Split a string that has white spaces, unless they are enclosed within "quotes"?
As custom parser might be more suitable for this.
This is something I wrote once when I had a specific (and very strange) parsing requirement that involved parenthesis and spaces, but it is generic enough that it should work with virtually any delimiter and text qualifier.
public static IEnumerable<String> ParseText(String line, Char delimiter, Char textQualifier)
{
if (line == null)
yield break;
else
{
Char prevChar = '\0';
Char nextChar = '\0';
Char currentChar = '\0';
Boolean inString = false;
StringBuilder token = new StringBuilder();
for (int i = 0; i < line.Length; i++)
{
currentChar = line[i];
if (i > 0)
prevChar = line[i - 1];
else
prevChar = '\0';
if (i + 1 < line.Length)
nextChar = line[i + 1];
else
nextChar = '\0';
if (currentChar == textQualifier && (prevChar == '\0' || prevChar == delimiter) && !inString)
{
inString = true;
continue;
}
if (currentChar == textQualifier && (nextChar == '\0' || nextChar == delimiter) && inString)
{
inString = false;
continue;
}
if (currentChar == delimiter && !inString)
{
yield return token.ToString();
token = token.Remove(0, token.Length);
continue;
}
token = token.Append(currentChar);
}
yield return token.ToString();
}
}
The usage would be:
var parsedText = ParseText(streamR, ' ', '"');
string input = "one \"two two\" three \"four four\" five six";
var parts = Regex.Matches(input, @"[\""].+?[\""]|[^ ]+")
.Cast<Match>()
.Select(m => m.Value)
.ToList();
You can use the TextFieldParser class that is part of the Microsoft.VisualBasic.FileIO
namespace. (You'll need to add a reference to Microsoft.VisualBasic
to your project.):
string inputString = "This is \"a test\" of the parser.";
using (MemoryStream ms = new MemoryStream(Encoding.ASCII.GetBytes(inputString)))
{
using (Microsoft.VisualBasic.FileIO.TextFieldParser tfp = new TextFieldParser(ms))
{
tfp.Delimiters = new string[] { " " };
tfp.HasFieldsEnclosedInQuotes = true;
string[] output = tfp.ReadFields();
for (int i = 0; i < output.Length; i++)
{
Console.WriteLine("{0}:{1}", i, output[i]);
}
}
}
Which generates the output:
0:This
1:is
2:a test
3:of
4:the
5:parser.
You can even do that without Regex: a LINQ expression with String.Split
can do the job.
You can split your string before by "
then split only the elements with even index in the resulting array by .
var result = myString.Split('"')
.Select((element, index) => index % 2 == 0 // If even index
? element.Split(new[] { ' ' }, StringSplitOptions.RemoveEmptyEntries) // Split the item
: new string[] { element }) // Keep the entire item
.SelectMany(element => element).ToList();
For the string:
This is a test for "Splitting a string" that has white spaces, unless they are "enclosed within quotes"
It gives the result:
This
is
a
test
for
Splitting a string
that
has
white
spaces,
unless
they
are
enclosed within quotes
UPDATE
string myString = "WordOne \"Word Two\"";
var result = myString.Split('"')
.Select((element, index) => index % 2 == 0 // If even index
? element.Split(new[] { ' ' }, StringSplitOptions.RemoveEmptyEntries) // Split the item
: new string[] { element }) // Keep the entire item
.SelectMany(element => element).ToList();
Console.WriteLine(result[0]);
Console.WriteLine(result[1]);
Console.ReadKey();
UPDATE 2
How do you define a quoted portion of the string?
We will assume that the string before the first "
is non-quoted.
Then, the string placed between the first "
and before the second "
is quoted.

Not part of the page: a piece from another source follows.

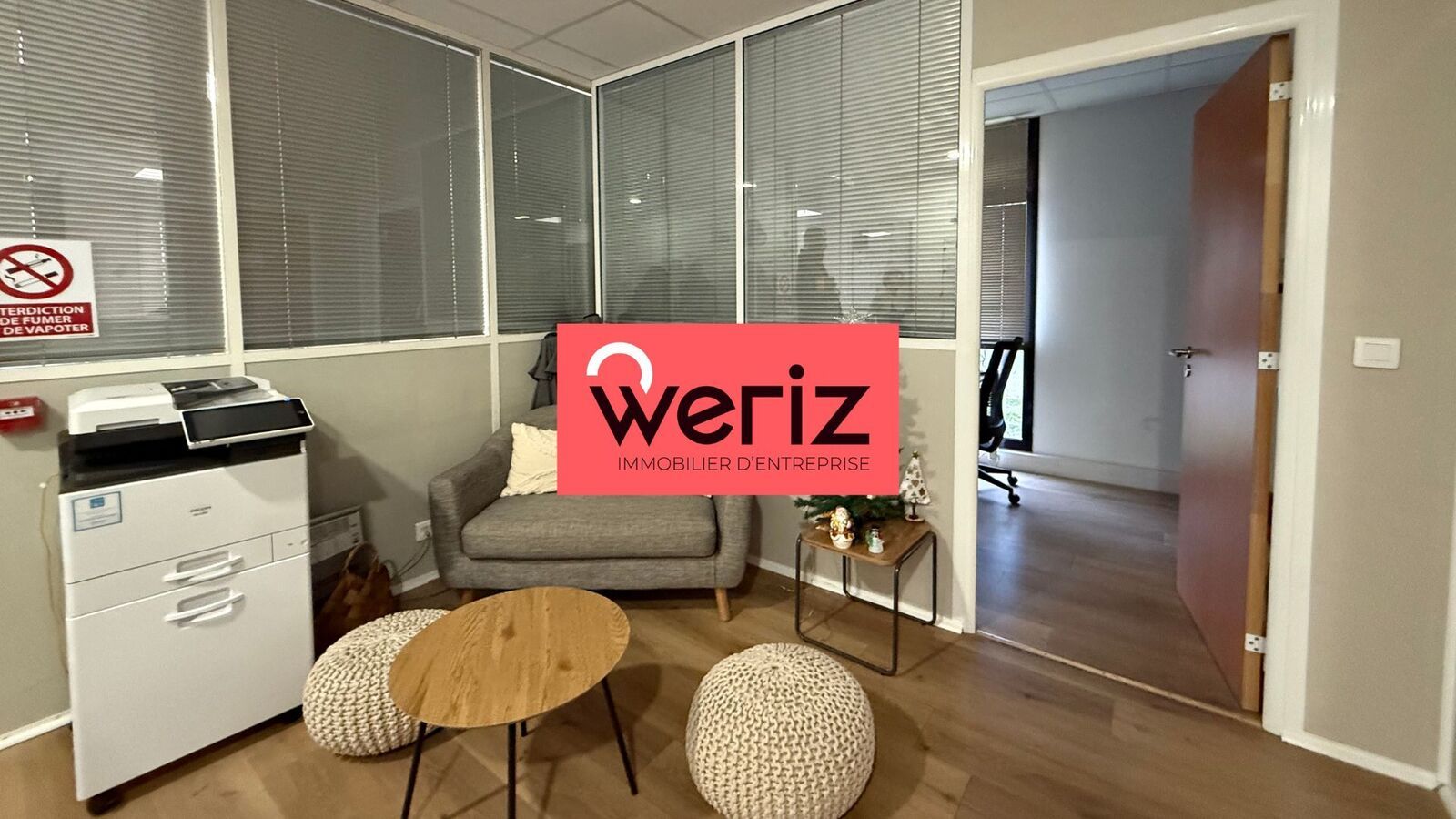 Location Bureaux Aix-en-Provence 13100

The string between the second "
and the third "
is non-quoted. The string between the third and the fourth is quoted, ...
The general rule is: Each string between the (2*n-1)th (odd number) "
and (2*n)th (even number) "
is quoted. (1)
What is the relation with String.Split
?
String.Split with the default StringSplitOption (define as StringSplitOption.None) creates an list of 1 string and then add a new string in the list for each splitting character found.
So, before the first "
, the string is at index 0 in the splitted array, between the first and second "
, the string is at index 1 in the array, between the third and fourth, index 2, ...
The general rule is: The string between the nth and (n+1)th "
is at index n in the array. (2)
The given (1)
and (2)
, we can conclude that: Quoted portion are at odd index in the splitted array.